In recent years, others have collected information on basic economic preferences and personality and noncognitive skill variables (see, e.g., Becker et al. 2012; Jagelka 2020).44 These investigations follow an increase in the links between personality and economic outcomes (Almlund et al. 2011; Heckman, Jagelka, and Kautz 2019). There are still open questions in this evolving empirical literature about how to correct for measurement error and how strongly correlated measures of all these variables are across time (Morris et al. 2021 show low cross-time correlations for many noncognitive skills). Including personality and noncognitive skills is obviously important, and we are eager to see the accumulation of knowledge from other efforts, like those above, that include more and different variables.

As all of these studies are trying to understand a complicated question of first-order importance to behavioral economics—How are many different behaviors related?—it is natural that there would be some overlap. Because this question is both fundamental and complicated and involves a large number of possible measures, it is not likely that there will be a single, definitive, study soon. Instead, we believe that these many studies trace out different features of this complicated enterprise. The ideal cumulative scientific process, in our opinion, is what this area of research is currently working toward: creating a set of studies, all with distinctive strengths, that can be generally assessed as results are published.

VIII.  Conclusion

We elicit 21 econographics from a representative sample of 1,000 US adults in order to create an empirical basis for an underlying structure of more comprehensive theories of behavioral decision-making. We identify six interpretable econographic components that explain a large fraction of the variance in these 21 econographic variables: Generosity, Risk Aversion: WTA, Inequality Aversion/WTP, Overconfidence, Impulsivity, and Uncertainty. These components suggest that representations more parsimonious than current theories of social preferences are possible but that canonical theories of risk preferences are perhaps too parsimonious. Moreover, they suggest limited, and nuanced, connections between risk and social preferences. By studying the relationship between the components we identify and cognitive measures and demographics, we document several stylized facts that may be useful for theorizing.

A strength of our study is the number of behaviors included in our analysis. However, the behaviors we included were limited both by survey time and by the current literature. These, in turn, present limits for our analyses. A nuanced view of these limitations comes from thinking about what would happen if we had included more, or fewer, measures, which we do in the remainder of this paper. This exercise also speaks to the robustness of our results.

Including an elicitation extremely similar to “Risk Aversion: Gains” has little qualitative effect on our conclusions, as shown in table E.10. This extremely similar measure loads heavily on the second component in Table 7, and this component now becomes the first (in terms of percent of variation explained).45 Thus, the ranking of components may respond to the inclusion or exclusion of measures. Consequently, we have not attached meaning to the ordering in the text.

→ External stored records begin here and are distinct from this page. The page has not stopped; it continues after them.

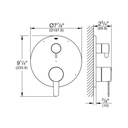 Grohe 29425EN0 Cosmopolitan PBV Trim W 3-Way Div Us Brushed Nickel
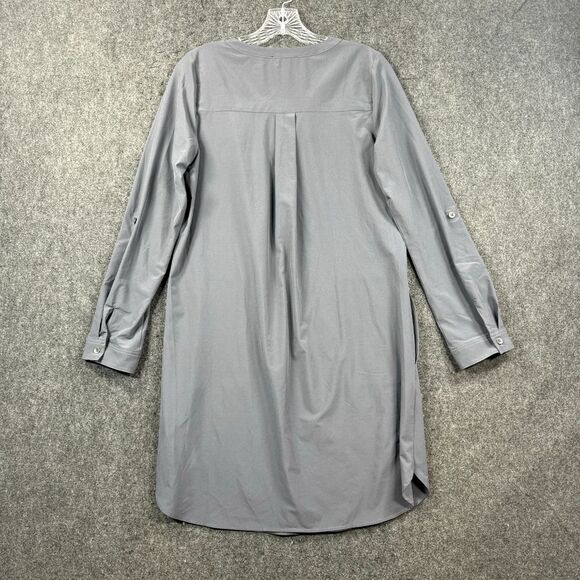 Prana Natassa Dress Women's Small Grya Charcoal Roll Tab Sleeve Shift - Picture 6 of 8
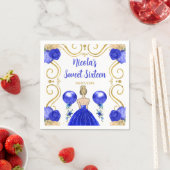 Sweet sixteenブロンドプリンセスインブルー スタンダードカクテルナプキン (インサイチュ)
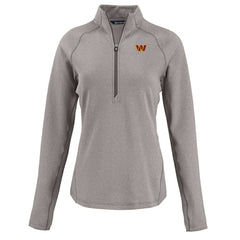 Washington Commanders Cutter & Buck Women's Peshastin Eco Fleece Recycled Tri-Blend Raglan Half-Zip Jacket Heather Gray - NFL
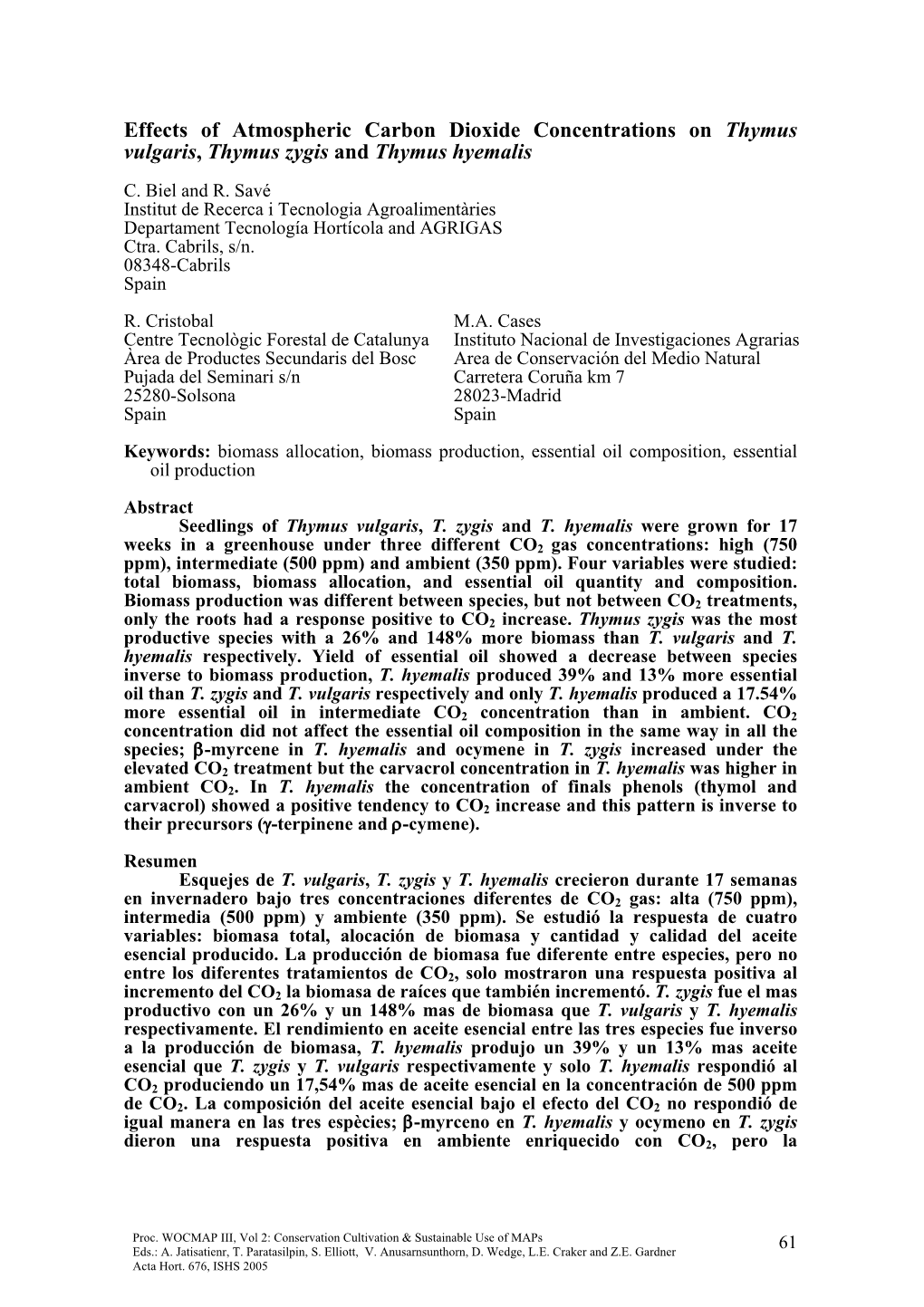 Effects of Atmospheric Carbon Dioxide Concentrations on Thymus Vulgaris, Thymus Zygis and Thymus Hyemalis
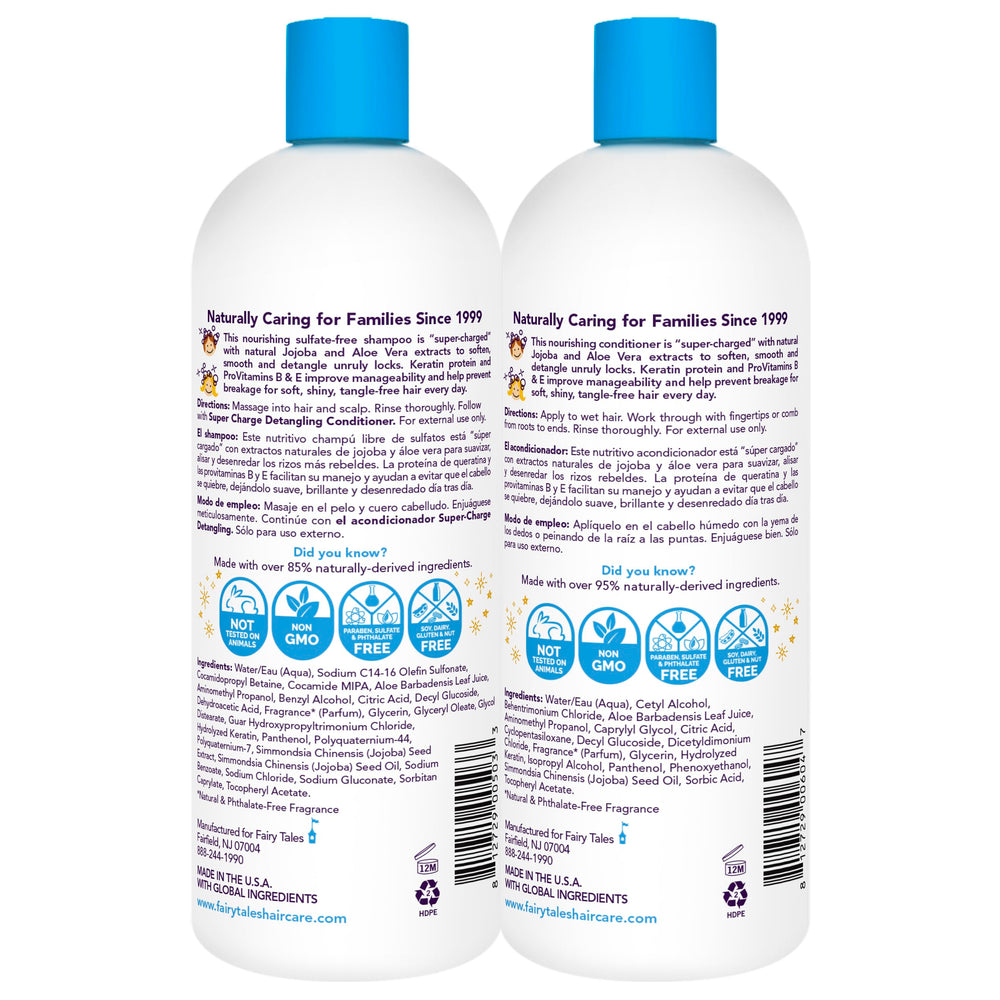 Fairy Tales Tangle Tamer conditioner bottle closeup showing smooth, knot-free styling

Removing Dislike Having More reduces the number of components in Table 4 to two but has little qualitative effect on the overall analysis of Table 7, as shown in table E.11.46 Dislike Having Less still combines with the variables in the Risk Aversion: WTP component to form Inequality Aversion/WTP. Thus, it appears that minor perturbations are not particularly consequential, although these exercises have little to say about larger changes.

The robustness here stems from the fact that most correlations between measures—displayed, for example, in tables 3 and 5—are either large or close to zero.47 There are a few middling correlations—such as those between Dislike Having More and other social preference measures. These are the likely sources of fragility in PCA. Adding a variable with a number of middling correlations may cause parallel analysis to suggest the inclusion of an additional component, and this inclusion may lead to extensive changes in existing components. Consequently, the components are useful for making sense of the large correlation matrices in our analysis. However, the correlation matrices themselves are the most robust—and consequential—part of the analysis, as these are the fundamental patterns upon which latent variable models, such as PCA, are built.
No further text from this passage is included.